[Short text fragments from websites]
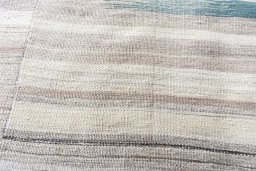 Backside of handmade New Kilim Kiasar rug showing knot structure and weave density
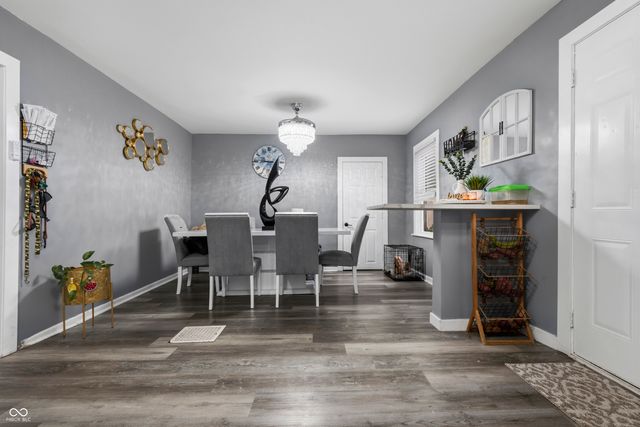 853 S Belleview Place, Indianapolis, IN 46221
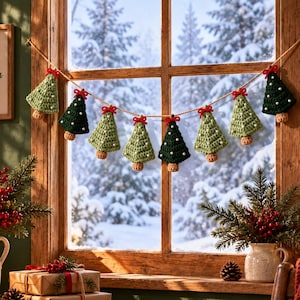 K&ouml;nnte beinhalten: Eine H&auml;kelgirlande mit acht dreieckigen Weihnachtsb&auml;umen in abwechselnden Dunkel- und Hellgr&uuml;nt&ouml;nen, die jeweils mit einer kleinen roten Schleife und wei&szlig;en Perlen verziert sind und an einer d&uuml;nnen braunen Schnur vor einem Fenster h&auml;ngen.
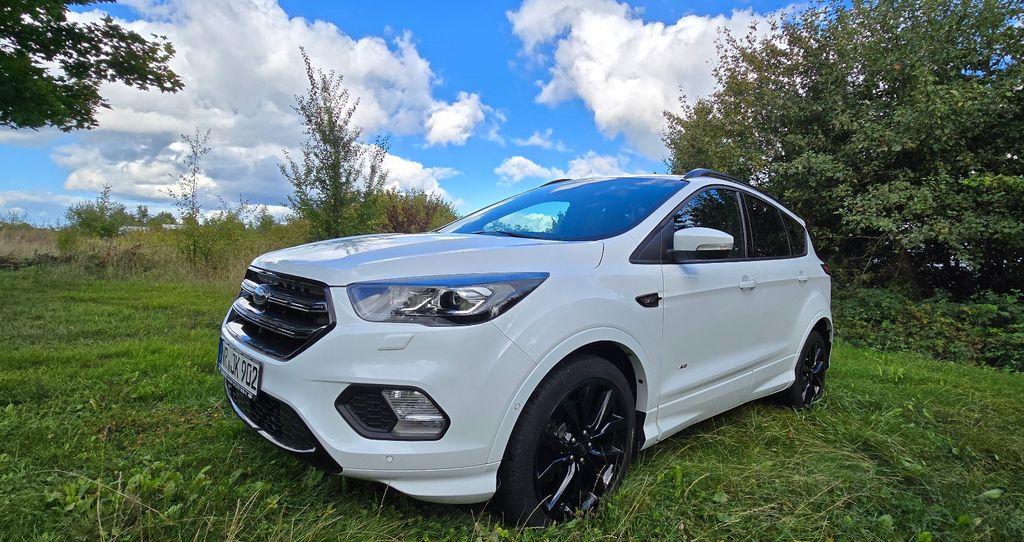Ford Kuga 118.725 km 14.950 &euro; Straßenhaus 56587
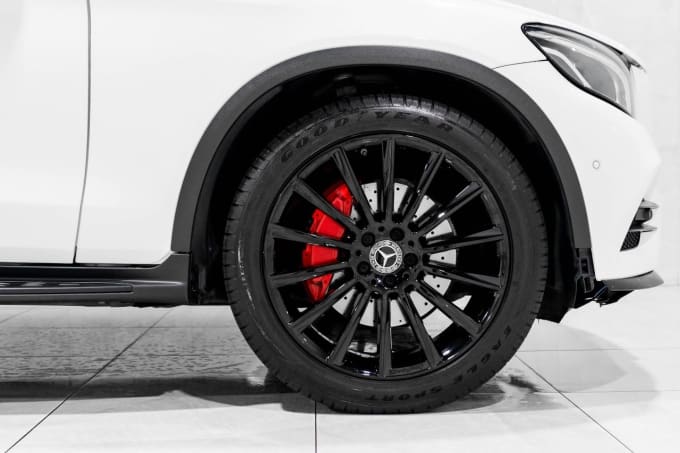 2025 Mercedes-benz Glc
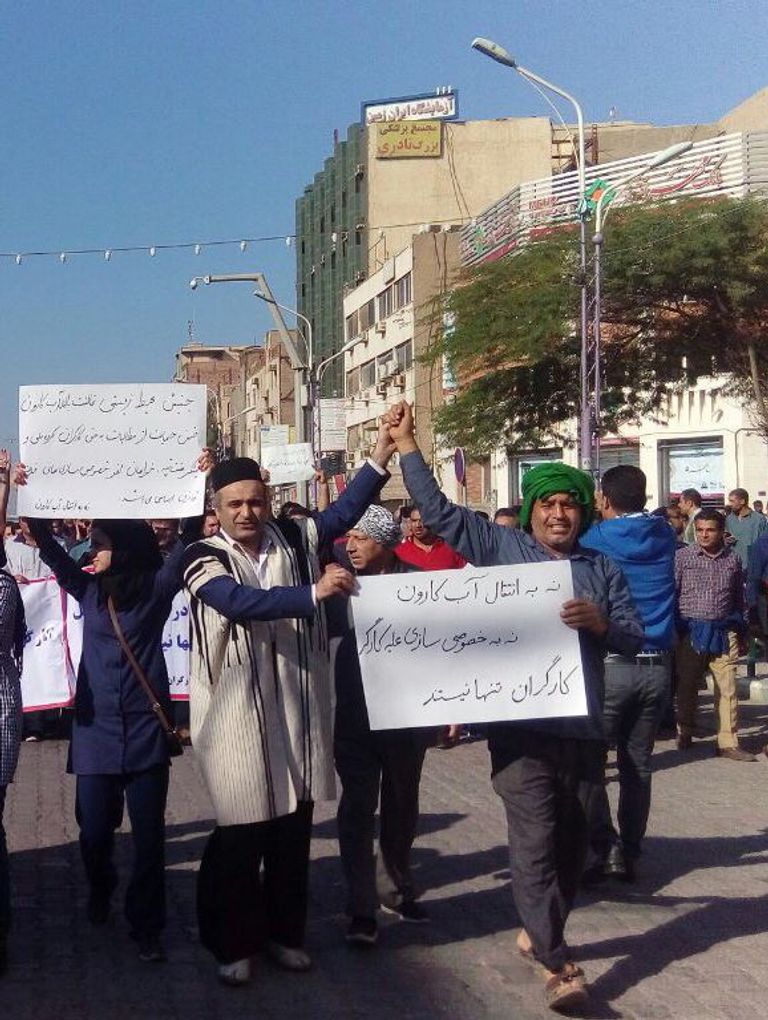 احتجاجات لعمال الفولاذ في إيران - أرشيفية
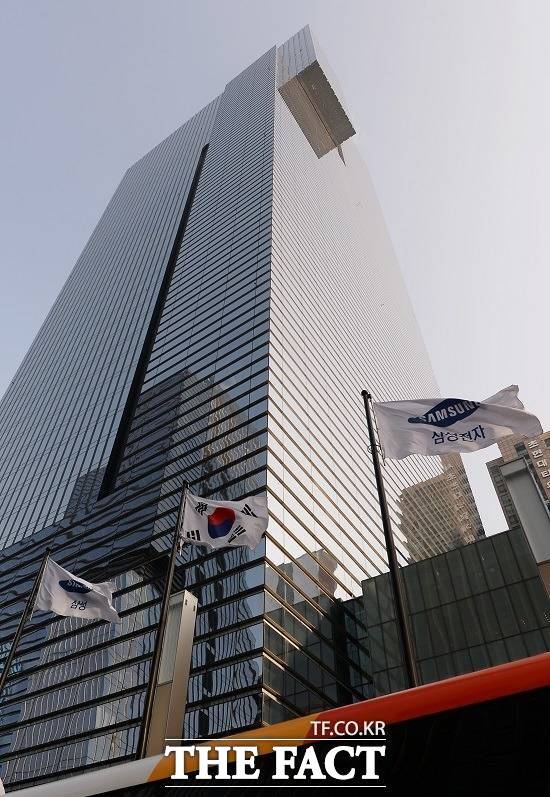 10일 오전 유가증권시장에서 삼성전자가 3분기 실적 기대감으로 장중 6만 원을 돌파했다. /더팩트DB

▸ **Required action**: Please reproduce the lines exactly from the one containing "853 S Belleview" through the last line of the data above, and keep the pictures out.

▸ **Task response**:
 853 S Belleview Place, Indianapolis, IN 46221
 K&ouml;nnte beinhalten: Eine H&auml;kelgirlande mit acht dreieckigen Weihnachtsb&auml;umen in abwechselnden Dunkel- und Hellgr&uuml;nt&ouml;nen, die jeweils mit einer kleinen roten Schleife und wei&szlig;en Perlen verziert sind und an einer d&uuml;nnen braunen Schnur vor einem Fenster h&auml;ngen.
Ford Kuga 118.725 km 14.950 &euro; Straßenhaus 56587
 2025 Mercedes-benz Glc
 احتجاجات لعمال الفولاذ في إيران - أرشيفية
 10일 오전 유가증권시장에서 삼성전자가 3분기 실적 기대감으로 장중 6만 원을 돌파했다. /더팩트DB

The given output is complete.